The Immigration: The founding of Polonia
By Kris Leonhardt
Final installment of the series
To Polish-born Americans, land was a symbol of wealth. Those without their own property in which to reside were doomed to struggle in the new country.
While many took work in industrialized cities to earn the funds to buy the land, many others came with small amounts of savings to buy cheap land and work it into an operating homestead. While it was hard labor, it is something Polish farmers knew well.
At the heart of it all in Portage County was a place called “Polish Corner,” which in the late 1860s consisted of two churches – St. Joseph’s and St. Martin’s – and three taverns. Today the area is known as Ellis.
In 1870, Father Joseph Dabrowski was assigned to St. Joseph’s and struggled with the nearby taverns. He soon made the decision to move the parish away.

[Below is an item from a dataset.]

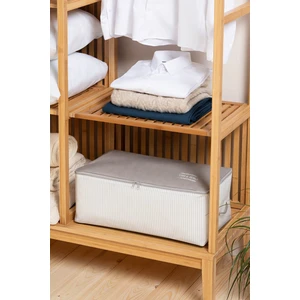 Ocean Home Textile Orta Boy Gri Çizgili Baza Altı Kazak Pike Battaniye Hurcu, Hurç 52x28x21 cm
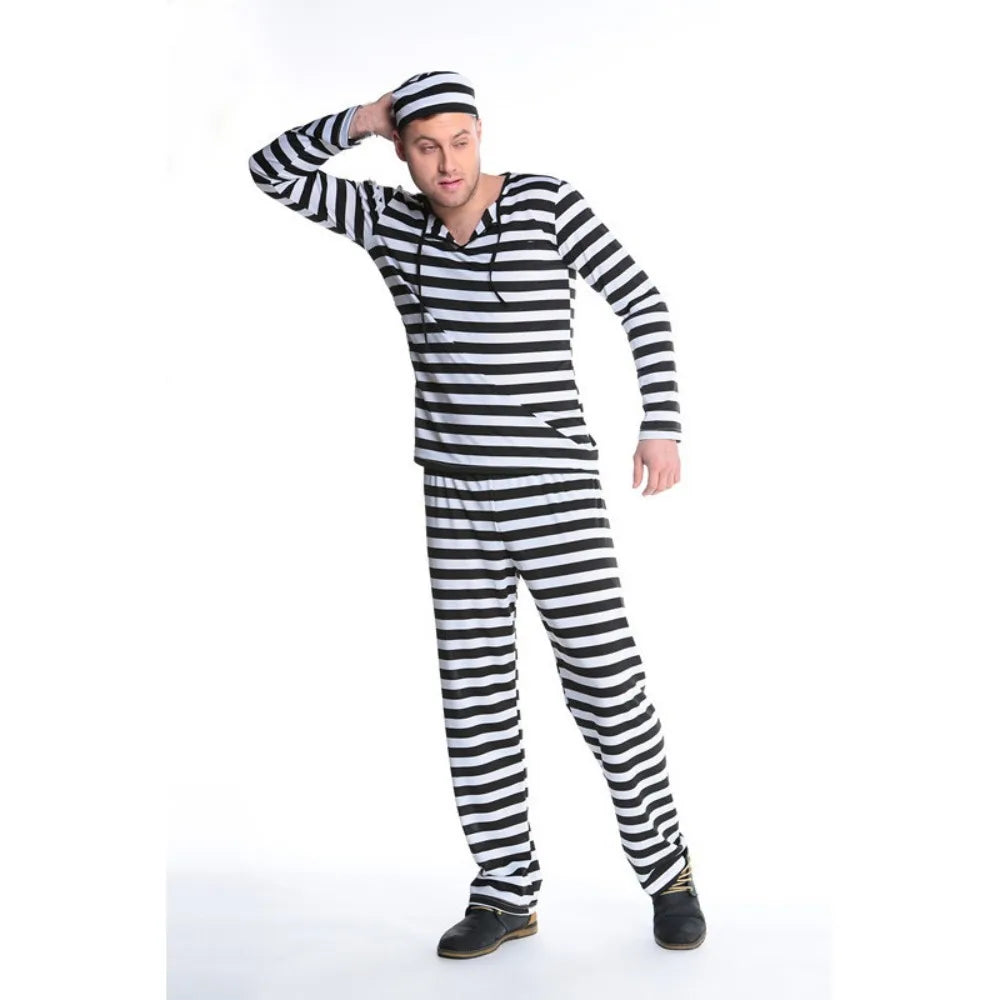 CP Cospaly Convict Prisoner Costume Striped Halloween Cos Couple's Convict Costume Classic Striped Halloween Costumes for Women Good Vibrations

With land donated by the McGreer family, a location was plotted out on a 20-acre parcel to the east.
“Dabrowski announced the move on a Sunday and the next day a crew of parishioners assembled to dismantle St. Joseph’s,” Michael Goc wrote in “Native Realm.”
“The work was fairly easy since the church was a wooden frame building. It was easy to knock apart and reassemble even though frame construction was a new style of architecture the Poles had never seen until they came to the United States. Dabrowski’s crew was not without opposition. A gang opposed to the move threatened the workers with angry words, axes and stones. One woman threw herself on the church bell after it had been removed from its tower and set on the ground. She clung to the bell and shouted insults at Dabrowski’s supporters. Through it all, the pastor urged his people to remain quiet and keep working. In a week, they took the church down, loaded it onto wagons and moved it off to the hilltop that Dabrowski had christened Polonia.
“The church was reassembled and, in September 1872, the new parish was dedicated to honor the Annunciation of the Blessed Virgin. The parishioners also built a rectory for Dabrowski. It was a two-story building with living quarters upstairs and a large room on the first floor that the pastor turned into a school. Once again, he called on the McGreer family for help and young Mary McGreer volunteered to conduct English classes. So it came to pass that the first teacher in the first Polish Catholic parochial school in Portage County was a convert of Scottish descent.
“The Polish teachers soon came to Polonia. Dabrowski wrote to Cracow and invited the Third Order Franciscan Sisters of St. Felix to come to Wisconsin. The five Felicians who arrived in November 1874 – Sisters Wincentyna, Waclava, Rafaela, Monica and Cajetan – were the first Polish nuns in the United States. The school they staffed, along with English teacher Mary McGreer, became a magnet for Polish immigrants. Polish parents from all over central Wisconsin and as far away as Milwaukee sent their children to the school at the newly-renamed parish of the Sacred Heart.”
The community of Polonia would become the center of the Polish-American community in Portage County, and a lasting symbol to the area’s heritage.